Task goal. Repeat exactly, and only, the lines from the one holding "una casa con" through the last line of the records below.
** Given entries follows **
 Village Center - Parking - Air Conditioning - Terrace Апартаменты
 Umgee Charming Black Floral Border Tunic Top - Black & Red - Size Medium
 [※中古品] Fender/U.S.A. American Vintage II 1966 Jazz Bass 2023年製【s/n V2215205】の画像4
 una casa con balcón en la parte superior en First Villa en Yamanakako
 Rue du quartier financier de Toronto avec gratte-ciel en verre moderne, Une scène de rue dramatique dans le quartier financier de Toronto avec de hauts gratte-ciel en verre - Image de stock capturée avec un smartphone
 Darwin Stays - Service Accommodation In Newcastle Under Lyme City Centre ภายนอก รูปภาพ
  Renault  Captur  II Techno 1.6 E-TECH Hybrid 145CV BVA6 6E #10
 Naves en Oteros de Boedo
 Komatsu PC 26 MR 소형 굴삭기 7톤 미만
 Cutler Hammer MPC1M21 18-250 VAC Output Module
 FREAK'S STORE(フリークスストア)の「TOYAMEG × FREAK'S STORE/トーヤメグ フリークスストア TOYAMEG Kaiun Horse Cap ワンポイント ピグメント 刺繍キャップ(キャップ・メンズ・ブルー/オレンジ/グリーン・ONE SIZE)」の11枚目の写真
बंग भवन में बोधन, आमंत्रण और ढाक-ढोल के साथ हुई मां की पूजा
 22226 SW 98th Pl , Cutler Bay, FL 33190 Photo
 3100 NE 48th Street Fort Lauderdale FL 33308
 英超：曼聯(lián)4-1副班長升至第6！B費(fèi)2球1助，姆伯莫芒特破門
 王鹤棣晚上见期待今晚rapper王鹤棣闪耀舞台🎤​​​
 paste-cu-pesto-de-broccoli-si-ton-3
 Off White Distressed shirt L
** End of Given entries **
Answer for the task.
 una casa con balcón en la parte superior en First Villa en Yamanakako
 Rue du quartier financier de Toronto avec gratte-ciel en verre moderne, Une scène de rue dramatique dans le quartier financier de Toronto avec de hauts gratte-ciel en verre - Image de stock capturée avec un smartphone
 Darwin Stays - Service Accommodation In Newcastle Under Lyme City Centre ภายนอก รูปภาพ
  Renault  Captur  II Techno 1.6 E-TECH Hybrid 145CV BVA6 6E #10
 Naves en Oteros de Boedo
 Komatsu PC 26 MR 소형 굴삭기 7톤 미만
 Cutler Hammer MPC1M21 18-250 VAC Output Module
 FREAK'S STORE(フリークスストア)の「TOYAMEG × FREAK'S STORE/トーヤメグ フリークスストア TOYAMEG Kaiun Horse Cap ワンポイント ピグメント 刺繍キャップ(キャップ・メンズ・ブルー/オレンジ/グリーン・ONE SIZE)」の11枚目の写真
बंग भवन में बोधन, आमंत्रण और ढाक-ढोल के साथ हुई मां की पूजा
 22226 SW 98th Pl , Cutler Bay, FL 33190 Photo
 3100 NE 48th Street Fort Lauderdale FL 33308
 英超：曼聯(lián)4-1副班長升至第6！B費(fèi)2球1助，姆伯莫芒特破門
 王鹤棣晚上见期待今晚rapper王鹤棣闪耀舞台🎤​​​
 paste-cu-pesto-de-broccoli-si-ton-3
 Off White Distressed shirt L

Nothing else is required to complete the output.